Our Journey to Tizibt

God's plan unfolds...................

Friday, December 6, 2013

December 6

Today is such a significant day for Tiza.  It woke me early just thinking about it.  One year ago today marks the date that Emmebt, Tiza's birth mom, took her to the orphanage in Awash.  I have relived the story Emmebt told us hundreds of times, trying to fill in the details that were missed, trying to put myself in her shoes, trying to feel what she may have been feeling, but in the end, I come up with blanks.  Just these big gaps of the unexplained, the unknown that tends to drive personalities like mine crazy.

I still have a pretty clear picture in my mind of Tiza's first orphanage.  I remember driving up to it, a dry, jutted road-path leading to this building.  The building itself was fine, gated in, clean.  The surroundings seemed different to me.  It was within a village, but felt removed all at the same time. It seemed to be on a higher ground within the village.  Maybe that isn't even the case, but that's what's in my mind.

 Emmebt's story includes the fact that Tiza was staying with neighbors for care while Emmebt worked.  The neighbors had no money, no food.  They could not feed Tiza.  When Emmebt came to check on Tiza, she saw Tiza dying. This is when she decided to take her to the orphanage.  What did that feel like?  How did they get there? How far away were they from the orphanage?  Did she walk? Was she alone?

I wish we had the answers to these questions.  When Emmebt first shared her story with us, all of this information was pouring out through our translator, and I'm sitting here today looking at my notes from that day with all these empty blanks.  At the time, the emotions were so raw and painful I'm pretty sure if I had these questions, I wouldn't have recognized them because my focus was so on Emmebt and her brave, unselfish heart.  It felt wrong to ask anything that would make her pain, her love act  hurt any worse then it already did.

The time, the energy and the pain that must have been a piece of Emmebt's decision often consume me.  During our adoption process, I was told at one point or another, when asking questions about birth moms, that there is often a different emotional process that goes on behind adoption decisions, referring to Ethiopia, then my mind was creating.  This may be the case.  It's evident that survival alone plays a role in a culture and a life marked with hard decisions, but even knowing that, I also know a Mother's heart will always be a Mother's heart and I find it impossible to disconnect the two, as much as I would like to.   Emmebt's love act, single handedly, change our baby Tiza's life forever.

I look at her today, our sleeping baby beauty.  This priceless treasure that has been in our home for almost six months and has changed our lives forever and I so wish that Emmebt could see Tiza.  I wish she could be a part of what her unselfish love looks like.  To hear Tiza's giggle, to feel her chubby arms wrap around your neck and then, the icing on the cake, she puts her skin so soft cheek against yours and just hangs on.  I wish for Emmebt to have that kind of hug from Tiza, to feel that feeling that sticks with you all day and to see this joy filled child, this little world changer.

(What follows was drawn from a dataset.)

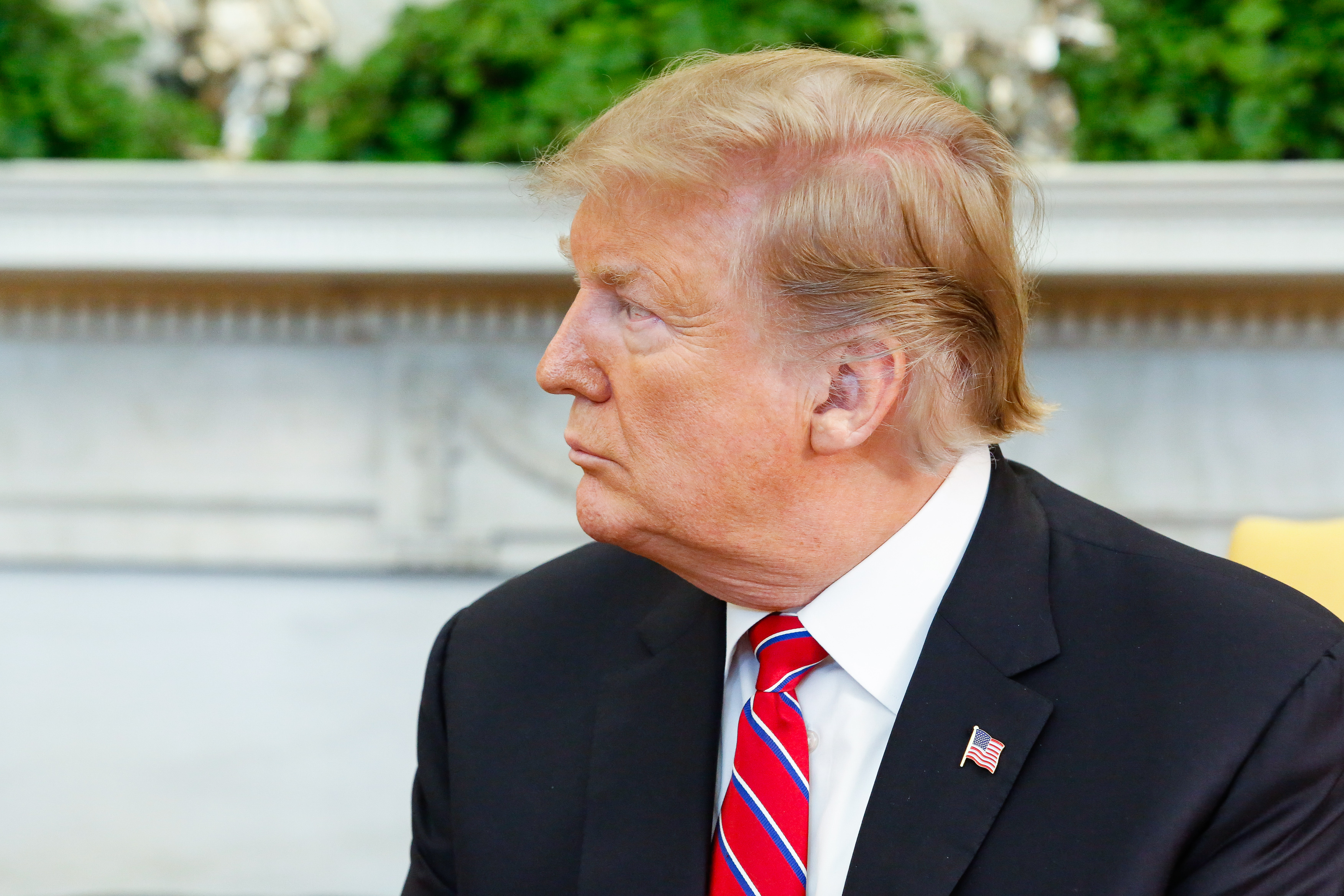 Imagem de EUA apresentam primeiras acusações por terrorismo ligadas à Antifa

I've pulled out Tiza's first pictures.  She was brought from the orphanage, to the hospital because of her severe malnutrition.  I think the pictures are in the hospital, but the baby in the pictures is unrecognizable.  It's difficult to connect the photo baby with real life Tiza.  The empty, lifeless eyes, the tired position of the body, all of it makes me wonder how Tiza felt , what did she think was happening to her, did she even know where she was?

None of the answers to any of my questions really matter.  We know what we know.  Tiza gets her life changing heart from her birth mama and in the end, that's what really matters, that's what we go with.  We pray for Emmebt daily.  Tiza kisses her pictures in the book that we made for her.  I wonder if Emmebt looks at the book we gave her?  Does she think of Tiza daily? Is she safe? Does anyone love her?  It's all of this, these spinning questions that can drive me crazy.  I want it fixed or answered or different or something, but that is not the case.

The case is this.  God has surrounded my world today with empty-eyed, tired people.  I don't need to travel far and as the Christmas pace heightens, so to do the number of lives that feel broken and empty and alone.  I can make a difference, we can make a difference.  One of the pictures of Tiza's firsts, includes her first doctor's visit.  She had been in our home for three days.  It shows her sitting on the scale in the doctor's office.  When Josie first showed me the picture, I had just glanced at it and actually asked, "who is that?"  So much has our Tiza changed in six months.  The baby in the photo looks dazed, in a bit of shock, uncertain.  The scale reads 10 pounds lighter then Tiza is today.  Today, Tiza walks onto the doctor's scale.  Tiza's skin pigment has darkened from her original photo.  She is this rich, beautiful black brown color that is unique to her.  The dazed, shocked look is held by her family members, not by her.  Tiza has transformed before our very eyes.  I hope we have too.

I hope we as a family are, in honor of Emmebt, loving a little better.  I pray we see lifeless eyes in others and try to make a difference.  I want our actions to take the tired out of someone's day, if even for a moment.  I know that December 6 will always hold a life changing place in my heart, Emmebt, I hope you know that too.